16.7.2018, 13:30 Uhr
Locker und entspannt: Das Altstadtfesival der Szene Fürth

© Fotos: Hans-Joachim Winckler

Wozu braucht man bei Kaiserwetter und strahlendem Sonnenschein noch einen Regenschirm? Nur ganz Vorsichtige bringen solch ein Utensil mit, oder besonders Sonnenbrandanfällige. Oder Schlagzeuger. Jakob Hofman, der Drummer des Jovana Wolf Quintetts, drischt in der Zugabe hingebungsvoll mit seinen Sticks auf den geschlossenen Schirm ein, spannt ihn auf, klopft aufs Gestänge und auf die Seide und entlockt dem Gerät eigenartige Töne.

"Nackt kommen wir auf die Welt, nackt gehen wir wieder", zitiert Jovana Wolf aus dem Buch Hiob. Und "all das, was dazwischen so passiert", bringt das Quintett in seinen versponnenen Songs unter. Behilflich dabei ist Kathrin Wimmer mit ihrer Bassquerflöte, die aussieht wie ein verdrehtes Ofenrohr aus Messing.

Nein, sonst waren Regenschirme absolut überflüssig. Und die zaghaften Tröpfchen, die gelegentlich für eine hochwillkommene Abkühlung sorgten, waren im Nu auf dem Pflaster des Kirchenplatzes von St.
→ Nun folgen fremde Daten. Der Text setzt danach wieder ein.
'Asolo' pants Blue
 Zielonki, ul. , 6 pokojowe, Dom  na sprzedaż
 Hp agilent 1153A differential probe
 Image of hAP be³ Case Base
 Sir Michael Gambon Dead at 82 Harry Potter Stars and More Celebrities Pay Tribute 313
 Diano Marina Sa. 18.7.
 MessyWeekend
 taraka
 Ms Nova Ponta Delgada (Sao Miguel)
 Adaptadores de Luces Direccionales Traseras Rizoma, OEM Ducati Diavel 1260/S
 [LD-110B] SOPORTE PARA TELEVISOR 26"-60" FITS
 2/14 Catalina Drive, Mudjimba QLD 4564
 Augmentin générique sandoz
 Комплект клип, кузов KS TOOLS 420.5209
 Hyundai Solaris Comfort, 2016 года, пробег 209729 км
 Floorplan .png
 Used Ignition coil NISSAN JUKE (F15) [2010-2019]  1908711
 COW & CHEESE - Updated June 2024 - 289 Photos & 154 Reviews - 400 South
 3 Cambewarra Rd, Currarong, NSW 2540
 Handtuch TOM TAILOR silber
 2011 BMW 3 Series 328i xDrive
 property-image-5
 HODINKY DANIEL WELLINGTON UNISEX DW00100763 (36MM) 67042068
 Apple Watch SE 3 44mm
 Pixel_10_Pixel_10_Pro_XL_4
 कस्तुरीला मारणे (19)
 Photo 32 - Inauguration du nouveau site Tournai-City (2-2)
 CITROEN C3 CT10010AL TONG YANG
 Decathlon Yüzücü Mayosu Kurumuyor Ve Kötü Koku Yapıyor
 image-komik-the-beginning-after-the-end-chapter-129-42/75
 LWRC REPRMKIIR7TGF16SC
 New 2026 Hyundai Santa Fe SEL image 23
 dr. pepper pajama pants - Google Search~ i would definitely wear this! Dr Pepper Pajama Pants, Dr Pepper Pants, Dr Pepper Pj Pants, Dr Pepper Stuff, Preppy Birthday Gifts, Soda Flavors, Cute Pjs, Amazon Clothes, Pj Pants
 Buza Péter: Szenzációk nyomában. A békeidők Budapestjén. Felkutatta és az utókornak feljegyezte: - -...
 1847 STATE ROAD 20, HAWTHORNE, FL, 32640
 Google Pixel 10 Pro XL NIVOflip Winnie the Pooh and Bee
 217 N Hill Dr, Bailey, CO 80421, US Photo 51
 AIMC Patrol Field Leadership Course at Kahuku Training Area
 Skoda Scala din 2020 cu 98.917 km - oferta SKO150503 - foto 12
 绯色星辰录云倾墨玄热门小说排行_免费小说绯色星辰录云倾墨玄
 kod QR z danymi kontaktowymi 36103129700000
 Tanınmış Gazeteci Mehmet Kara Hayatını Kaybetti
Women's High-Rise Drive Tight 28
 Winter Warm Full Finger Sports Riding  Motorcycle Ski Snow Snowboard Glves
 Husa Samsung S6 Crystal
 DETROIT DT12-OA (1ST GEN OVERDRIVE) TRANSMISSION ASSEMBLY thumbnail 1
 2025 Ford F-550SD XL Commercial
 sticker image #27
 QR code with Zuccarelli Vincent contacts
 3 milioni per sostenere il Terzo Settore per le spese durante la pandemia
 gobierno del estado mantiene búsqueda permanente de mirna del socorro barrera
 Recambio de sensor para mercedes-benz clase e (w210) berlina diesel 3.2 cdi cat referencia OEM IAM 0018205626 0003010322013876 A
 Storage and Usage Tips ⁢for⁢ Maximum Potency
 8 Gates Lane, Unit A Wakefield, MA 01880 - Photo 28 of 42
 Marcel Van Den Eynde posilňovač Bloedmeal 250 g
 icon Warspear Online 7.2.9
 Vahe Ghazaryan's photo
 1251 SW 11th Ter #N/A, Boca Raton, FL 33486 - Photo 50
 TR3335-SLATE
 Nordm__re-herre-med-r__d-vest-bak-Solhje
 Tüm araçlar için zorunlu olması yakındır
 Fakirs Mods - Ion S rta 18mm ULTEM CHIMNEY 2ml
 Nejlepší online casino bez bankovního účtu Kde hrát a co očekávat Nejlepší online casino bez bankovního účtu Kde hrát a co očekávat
Michael verdampft.

Heiß war es schon am Freitag hergegangen, als die Truppe Flinkfingro sehr gitarrenlastigen Jazzrock krachen ließ. Die Nintendospiel-Melodien, die da angeblich aus der Orgel erschallen sollten, wurden vom Rest der Truppe gnadenlos niedergemacht. Angeblich hätten die Musiker laut Programmheft keine Ahnung von Jazz, aber das ist wieder mal so eine nette Untertreibung, die in die Irre führt. Dafür haben sich die Bandmitglieder Platten aus Carlos Santanas Jazzphase der Mitsiebziger Jahre angehört, so manches erinnert an die "Welcome"-Platte.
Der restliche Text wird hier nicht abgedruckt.